On Wednesday night, St. Bonaventure University’s theater department kicked off its fall production of William Shakespeare’s Twelfth Night.

SBU Theater’s production of the Shakespearean comedy took place in 1920s New Orleans during an event similar to Mardi Gras – a unique twist considering the original production was meant to take place in the fictional land of Ilyria in the early 1600s.

Ed Simone, Ph.D, St. Bonaventure University theater professor and Twelfth Night director attributed the success of the show to the cast’s understanding of the play after several weeks of “table work,” a process in which the actors read through the play line by line.

“The language is challenging. It’s modern English, but it’s an older version of modern English,” he explained.

SBU Theater actors agreed that learning Shakespeare had its challenges, but that putting in the extra hours every night to understand the language was worth it.
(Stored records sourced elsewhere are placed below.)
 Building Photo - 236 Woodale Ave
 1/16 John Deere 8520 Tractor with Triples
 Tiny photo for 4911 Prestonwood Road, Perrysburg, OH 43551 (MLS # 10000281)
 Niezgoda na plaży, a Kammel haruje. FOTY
Clarissa Ahumada-Aubert, a junior english major who played the role of Viola in the production, explained that, “people study Shakespeare for months at a time in high school, and that’s because they go into every line in depth.”

Table work was not enough for Ahumada-Aubert, and she had to Sparknote the play several times to gain a better understanding of Twelfth Night. However, she is not alone as the actors, managers and other production crew members put many hours into studying, memorizing and understanding the play.

Bryce Spadafora, a junior journalism and mass communication major, played the role of Malvolio who had long monologues that made memorization difficult.

“Monologues took a lot longer to memorize,” he said. “I’ll be speaking for long periods of time with no prompts or help from anybody else.”

While the actors feel that performing a Shakespearean play is difficult, they see the advantages to it, as well.

“You learn so much about performance,” Spadafora said. “You really get the chance to grow and evolve as an actor.”

“Altogether, I’d say the actors put in about 100 hours,” Simone said. As he was commending the actors, assistant directors and technical crew for their dedication, he excused himself for a moment to congratulate the cast and crew members personally walking by on a great show.

Kristen Caputo, a junior journalism and mass communication and theater major, has been performing with SBU Theater for two years; however, this is her first time working as one of the stage managers.

Caputo worked directly with Simone and technical designer Rebecca Meisenheimer, a professor in the theater department, by going to production meetings in addition to nightly rehearsals and table meetings.

“I feel that I have definitely put in more work as a stage manager than the years I was acting,” she said. “Instead of worrying about you and your lines, you have to worry about everybody else and make sure everyone knows what is doing.”

SBU Theater will have a break from production for the rest of the semester; auditions for next semester’s show will be announced in January.